Once, unexpectedly, a Chinese mum at my children school gifted me a Pandan cake she had baked especially for me. She said that I deserved it for all that I did for new mothers. I was very surprised, and very touched. This cake has also become a family favourite, and, when my new Chinese neighbours moved in a few weeks ago, I baked them the very same cake to welcome them. Kindness has a way to pay it forward.

I also remember times in my life when I cooked food with love for others, in situations where nourishing was needed. 

When I was pregnant with my son, a new friend from my antenatal class gave birth unexpectedly at 32 weeks pregnancy. I visited her in the NICU, and I brought her a box of homemade beef bourguignon, because I knew that hospital food wasn’t the tastiest food, and I wanted to do something caring for her. 16 years late, Suzanne and I are still friends, and she recently told me that she still remembers that, out of all the people who visited, I was the only one who brought a casserole. Until she spoked these words, I hadn’t realised how much of an impact it had on her.

More recently, my friend Amber was sick with Covid. I made her a traditional postpartum dish of a Chinese chicken and red dates soup for her, and I left the soup on her doorstep. Two years later, she tells me she still remembers how nourishing it had felt for her.

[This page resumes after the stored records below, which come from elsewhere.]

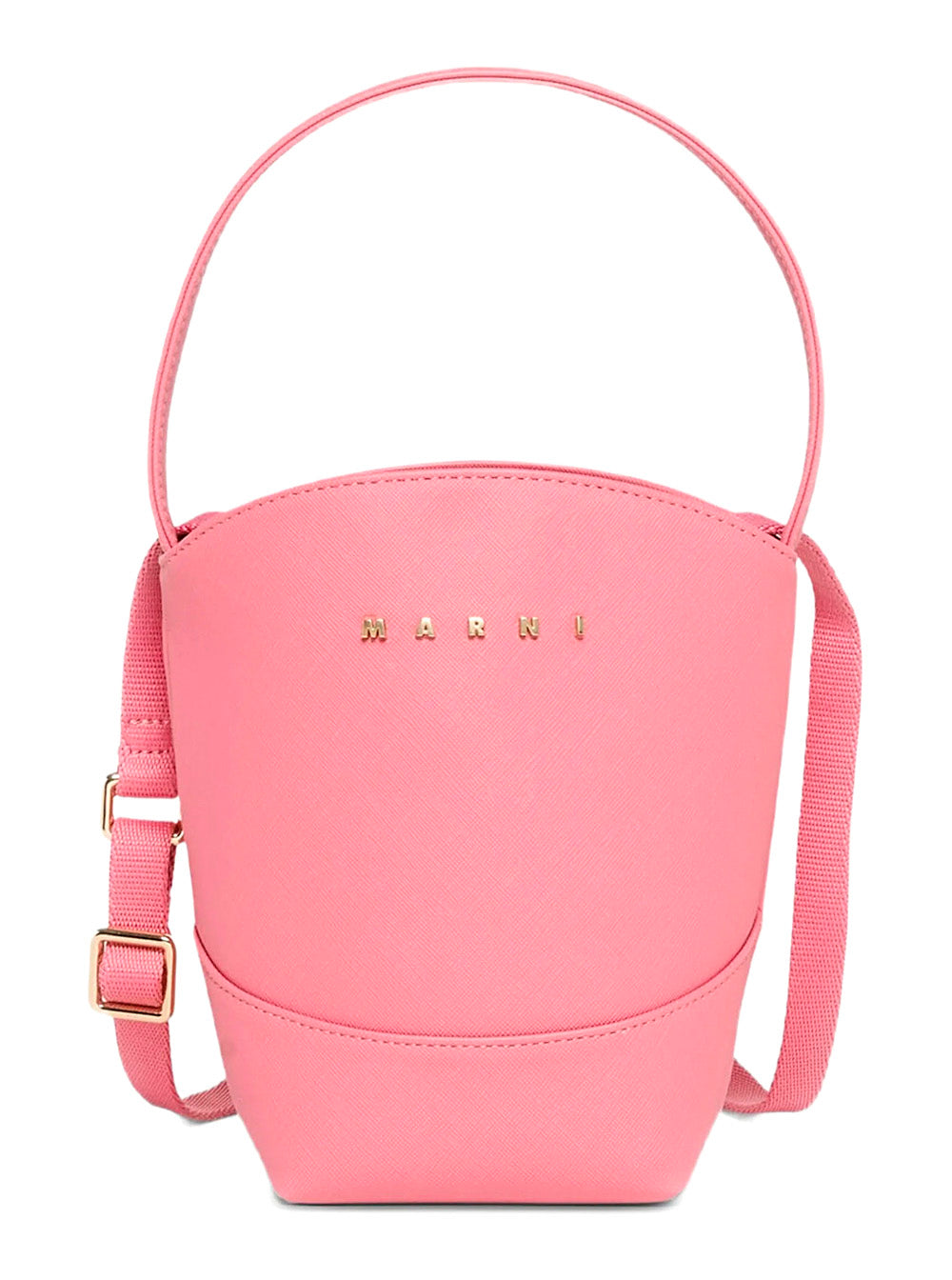 Marni Floral Polyester Crossbody Bag — Pink by Marni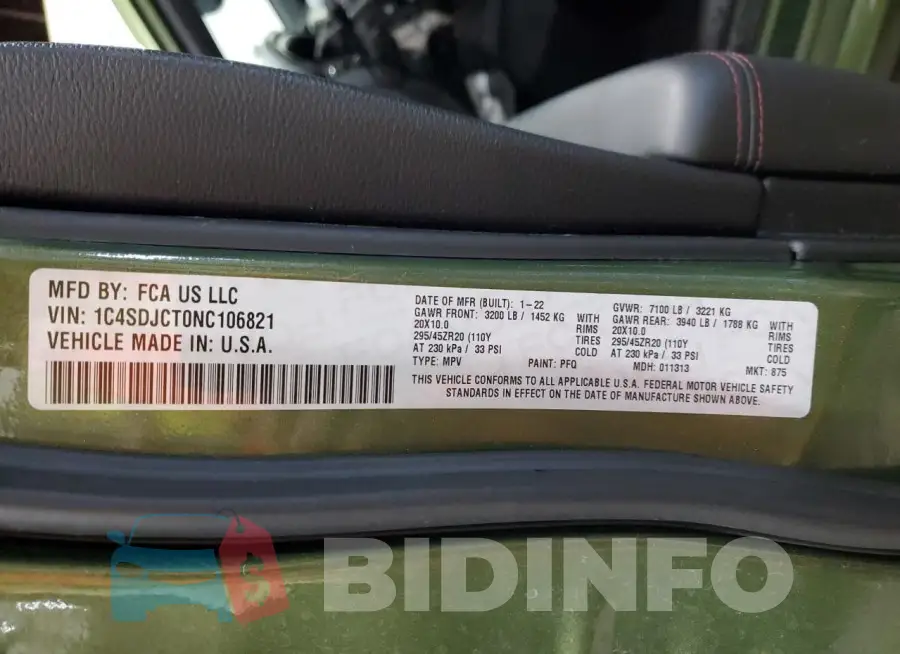 1C4SDJCT0NC106821 Photo# 14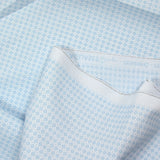 Cotton printed mini polka dots sky white background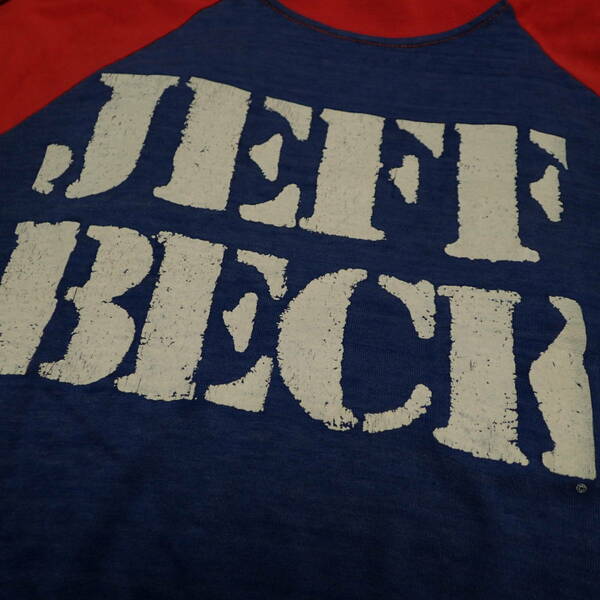 ■ 80s JEFF BECK Vintage T-shirt ■ ジェフベック ヴィンテージ Tシャツ 当時物 本物 バンドT ロックT yardbirds ラグラン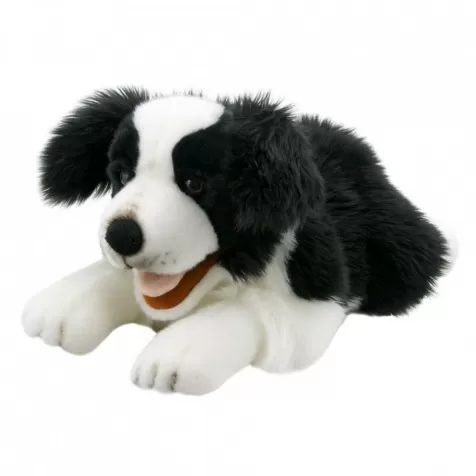 marionetta peluche border collie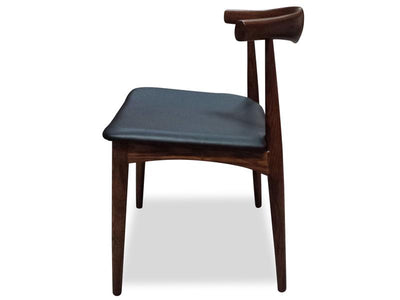 Elbow Dining Chair - Dark Brown
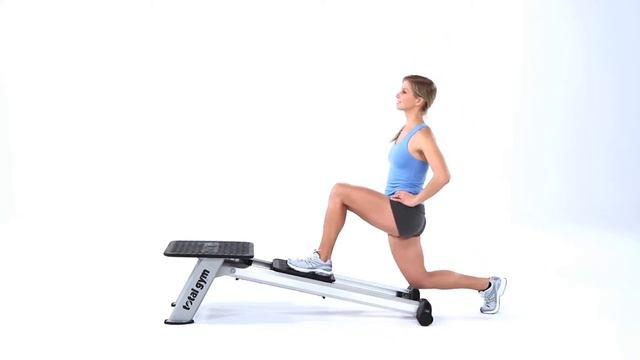Total Gym Leg Trainer Exercise Forward Lunge
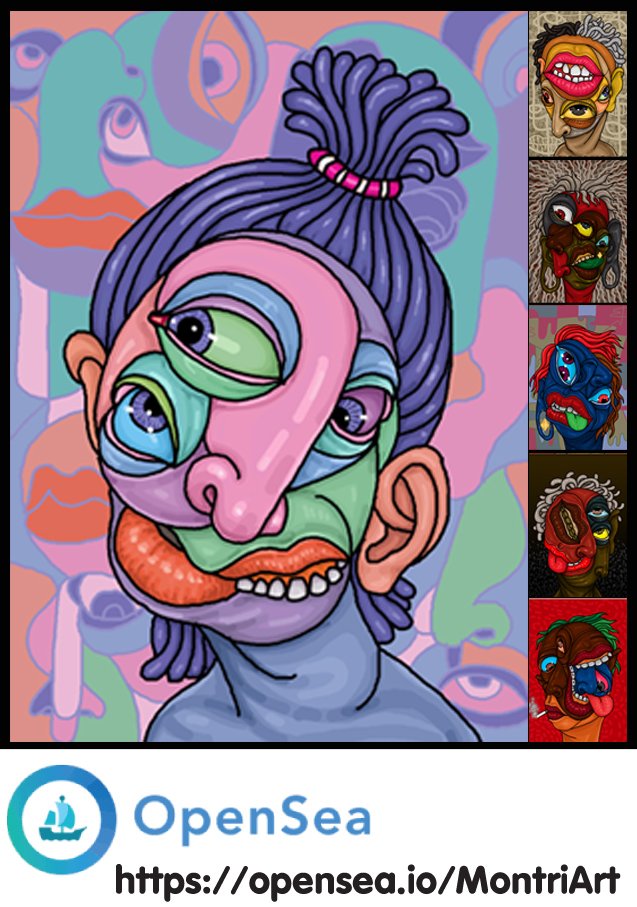 My art shows the misplacement of the facial organs. strange I was inspired by an artist named Picasso. And I've modified it to be unique. 👇
opensea.io/collection/awry
#NFTs #nftcollectors #NFTJapan #NFTdrop #NFTthai #NFTdrops #NFTCommmunity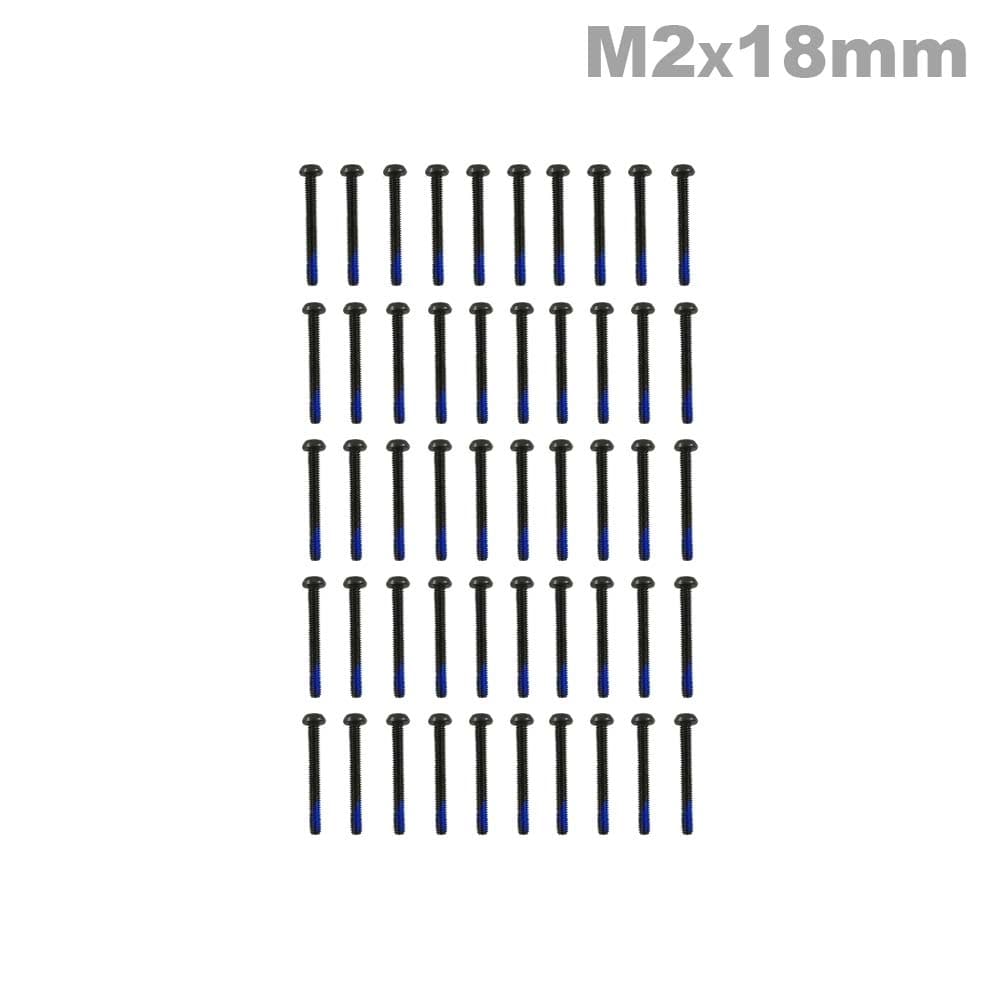 M2x18 Bolkop Schroef (50 stuks) - ZWART for fpv drones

It is easy to dismiss and to forget, but ceremonial food isn’t just something that happens in spiritual spaces and retreats. More than the special space in which it is shared, it is the intention behind creating the food that makes it sacred.

Now that I know this, I look forward to putting even more intention when making nourishing food for others. I want to try and bring more of this in my everyday life too, when I cook for my family.

I invite you to do the same. As you bake or cook for your clients, your friends or your family, tune into the intention and the love that you are imbuing into it. You too can make ceremonial food and bake sacred cakes. All you need is intention.